The sky is always on fire here.
Our second week into winter break was spent in Gettysburg, Pennsylvania, a place which soon became a second home. That stream of five days came as close to perfection as anything can come in this world. We were young—18 and 19 years old. We spent mornings in the kitchen eating smoked-cheese scrambled eggs, drove past beautifully-worn barns, orchard trees bare of fruit, and horses enclosed in white picket fences all in the afternoon, lounged in couch-chairs watching late-night comedy shows until midnight. Weaving through one-lane bridges and open-field encompassed roads, we stopped at a river on the side of the street—a metal, horizontal staircase in the distance leading the way toward a look-out point. Little did we realize a carved path (which turned out to be a much easier route) was five feet away from our chosen pathway. He struck thorned branches away from my face with sticks, held my hand step by step. We reached the river in no time, waves of water lapping over stones at our feet. My world was on fire then, like the sky of Gettysburg every night since college began. It was all aflame.

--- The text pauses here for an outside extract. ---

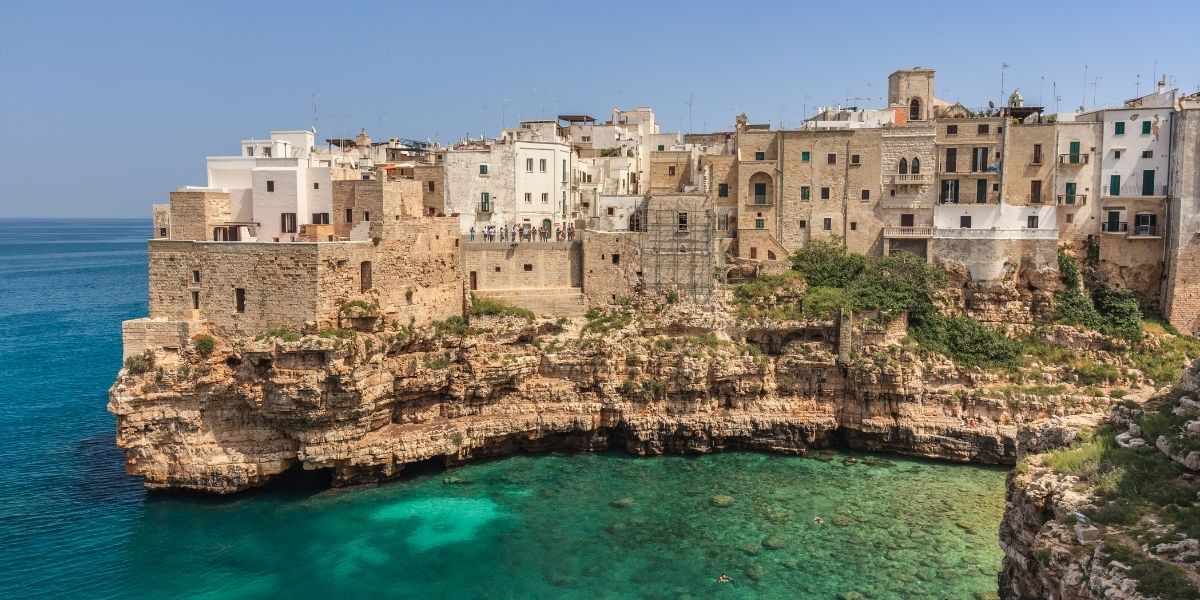 Bari Karol Wojtyla airport private chauffeur service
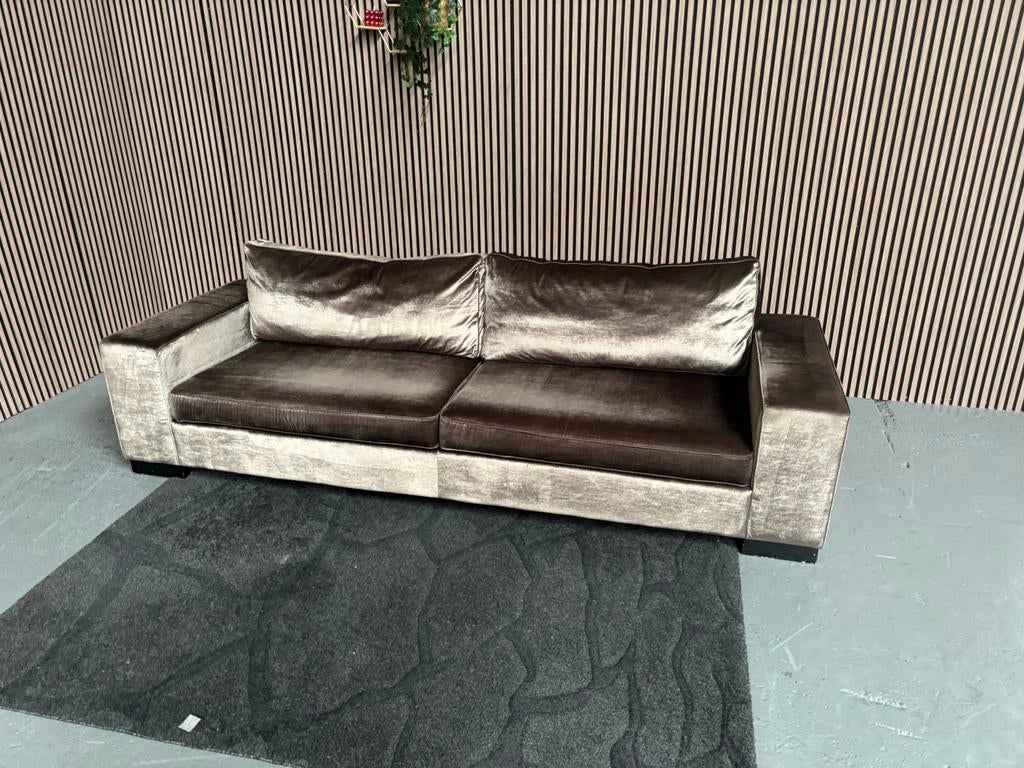GRATIS LEVERING Richmond Bank Velvet 280x100 GEREINIGD, Huis en Inrichting, Banken | Bankstellen, 250 tot 300 cm, 100 tot 125 cm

New Year’s Eve carried us to town square—couples bundled up in scarves and in new coats from Christmas morning. Though the evening air was clouded with smoke and the music was mediocre in the least, there held a certain feeling of fresh beginnings, of hope for the coming year, of love. I never felt so safe then in that moment. The countdown started from ten and ended with a burst of fireworks above buildings in the square. What looked like golden rain came falling in peppered rays, gliding across, it would seem, an entire countryside. It happened in a matter of seconds, one year lapsing into the next, my hand still grasped in his. Our sky was on fire for twenty minutes into the New Year—the finale a sudden explosion of one firework after another. I locked my eyes with his own, the last of the flames fading into what became one of the most memorable nights of my life.
The sky is always on fire here: reds fuse with oranges just above the tree line, enveloping a world that I only discovered months ago. The New Year came with a rush of howling wind, ended with midnight kisses, continued with a walk around campus, the cupola beautifully lit as usual, and concluded once more with a pleasant feeling of belonging. I realized that I wouldn’t want to be anywhere else: the summer ending with the start of my education here at Gettysburg College and the New Year commencing in the same place.
The sky is always on fire here and so is my world at Gettysburg College.